What the trailer actually shows
It keeps things pretty tight, but there is one clear beat: Poseidon reaches out to Percy and offers an encouraging nudge. The trailer frames their dynamic as a real thread this year, not just background lore.
"Do not underestimate yourself."
Between that voice-over and Percy’s mixed reactions, the season looks set to put their father-son mess front and center, tying the high-stakes quest to whether Percy can accept the whole "child of a god" thing when that god has not exactly been around.
So what is Season 2 about?
Season 2 adapts Rick Riordan’s second book, The Sea of Monsters, and picks up roughly a year after Season 1. Camp Half-Blood is suddenly vulnerable after Thalia’s tree is poisoned and the camp’s magical borders start failing. While Grover goes missing, Percy discovers he has a cyclops half-brother named Tyson.
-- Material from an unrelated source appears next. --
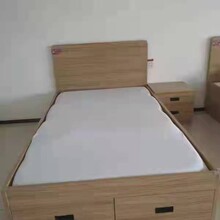 厂家直供民宿床酒店套房家具现代款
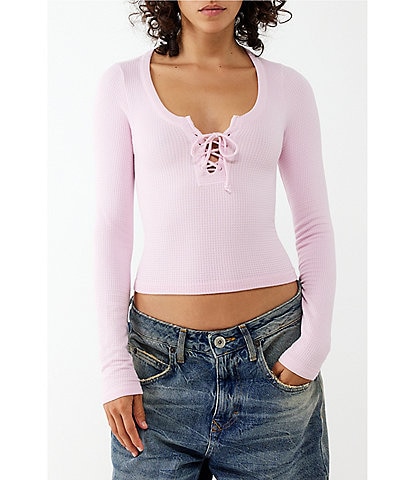 BDG Urban Outfitters Long Sleeve Knockout Top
Cue a voyage into the Sea of Monsters to find the Golden Fleece and save the camp.
On top of the sea battles and monster encounters, expect the relationships to carry more weight: Percy and Annabeth, sure, but especially Percy and Poseidon. The trailer hints the show knows that the external quest and Percy’s internal push to own his legacy are the same fight.
Release plan
Season 2 is eight episodes and premieres on Disney+ on December 10, 2025. The first two episodes drop together, with the rest rolling out weekly on Wednesdays.
Who is back (and who is new)
Walker Scobell, Leah Sava Jeffries, and Aryan Simhadri are back as the core trio: Percy, Annabeth, and Grover. Toby Stephens and Virginia Kull return as Percy’s parents, Poseidon and Sally Jackson.
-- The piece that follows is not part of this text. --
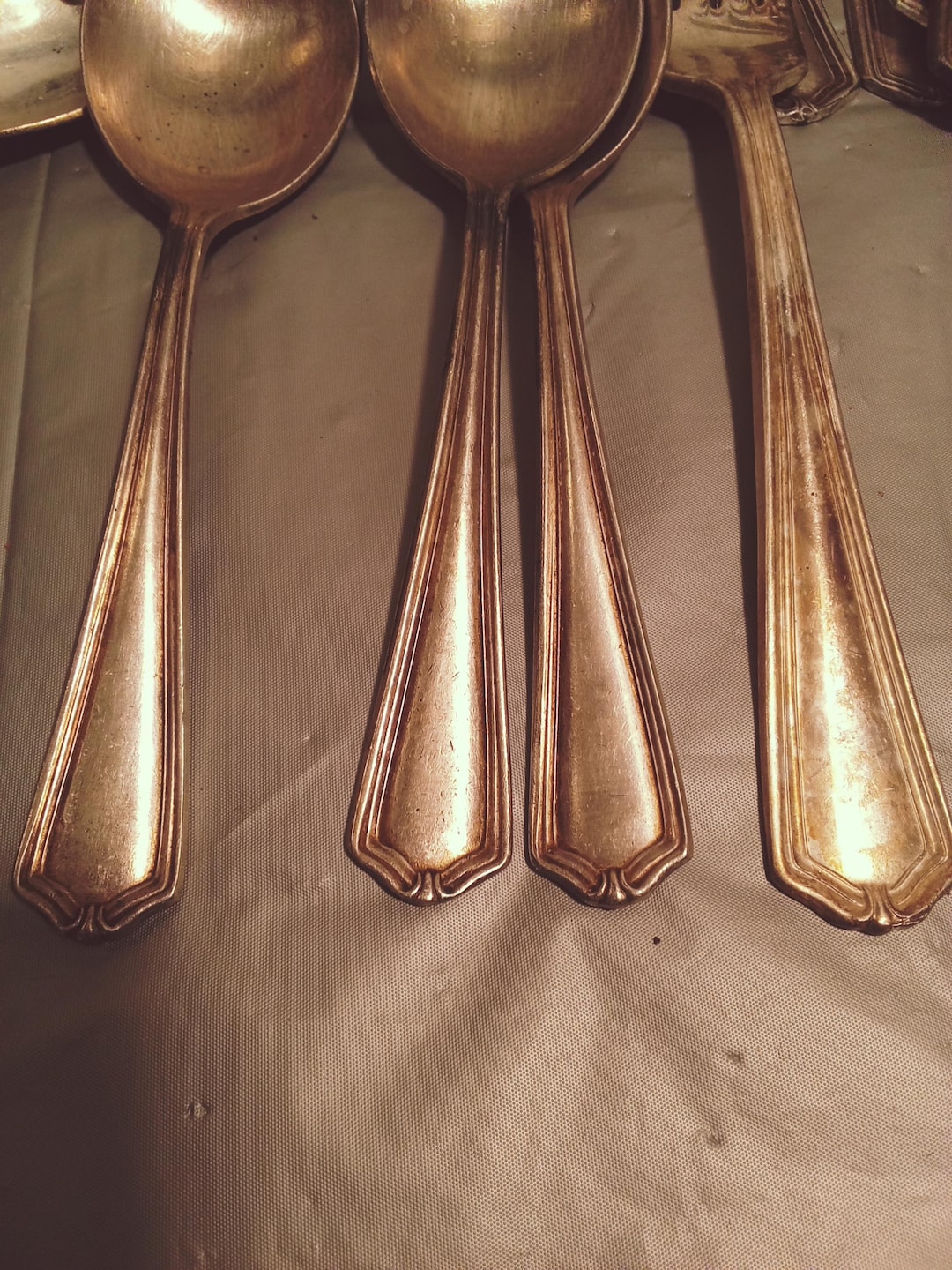 48pc International Silver Co XII Triple Plate Silverware Dinner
More returning faces: Charlie Bushnell as Luke Castellan, Dior Goodjohn as Clarisse La Rue, Glynn Turman as Chiron, and Jason Mantzoukas as Mr. D (Dionysus). Lin-Manuel Miranda is back as Hermes, with Daniel Diemer, Timothy Simons, and Adam Copeland also returning. Some performers show up as recurring or guest stars depending on episode count, which is why you may see names like Virginia Kull and Glynn Turman listed both ways.
New this season: Andra Day, Sandra Bernhard, Margaret Cho, Kristen Schaal, Tamara Smart, and Rosemarie DeWitt. And in a notable switch, Courtney B. Vance steps in as Zeus, taking over the role from Lance Reddick, who passed away in March 2023.
The basics
- Creators: Rick Riordan, Jonathan E. Steinberg
- Showrunners: Jonathan E. Steinberg, Dan Shotz
- Main directors (Season 1): James Bobin (pilot), Anders Engstrom, Jet Wilkinson
- Network: Disney+
- Production companies: 20th Television, Co-Lab 21, The Gotham Group
- Seasons: 3 total planned (Season 1 in 2023, Season 2 in 2025, Season 3 greenlit)
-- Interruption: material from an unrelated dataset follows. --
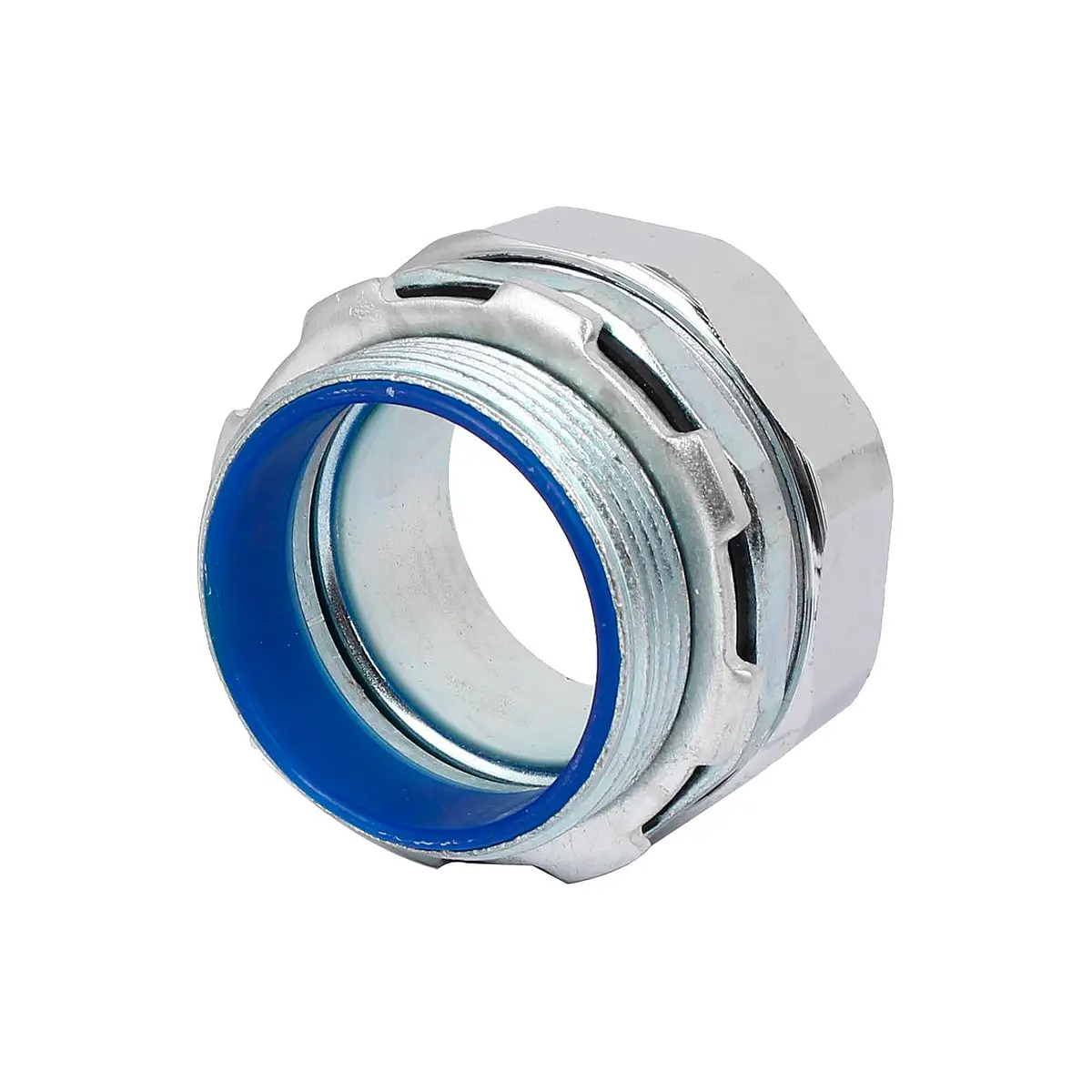 Conector Recto para Flexible Metálico con PVC 50mm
- Episodes per season: 8 (Season 1), 8 (Season 2)
- Average runtime: ~45 minutes per episode
- Season 1 plot in a sentence: Percy gets accused of stealing Zeus’s thunderbolt and treks across the U.S. to fix a looming godly meltdown.
- Season 2 focus: Camp Half-Blood is threatened, Percy learns about Tyson, and the quest for the Golden Fleece drives an ocean-bound adventure that adapts The Sea of Monsters.
- Source material: Based on Rick Riordan’s book series.
Bottom line: the trailer promises bigger monsters, higher stakes, and a real attempt to tackle Percy’s god-sized identity crisis. If the show actually follows through on the Poseidon-Percy stuff it teases here, that is the upgrade I was hoping for.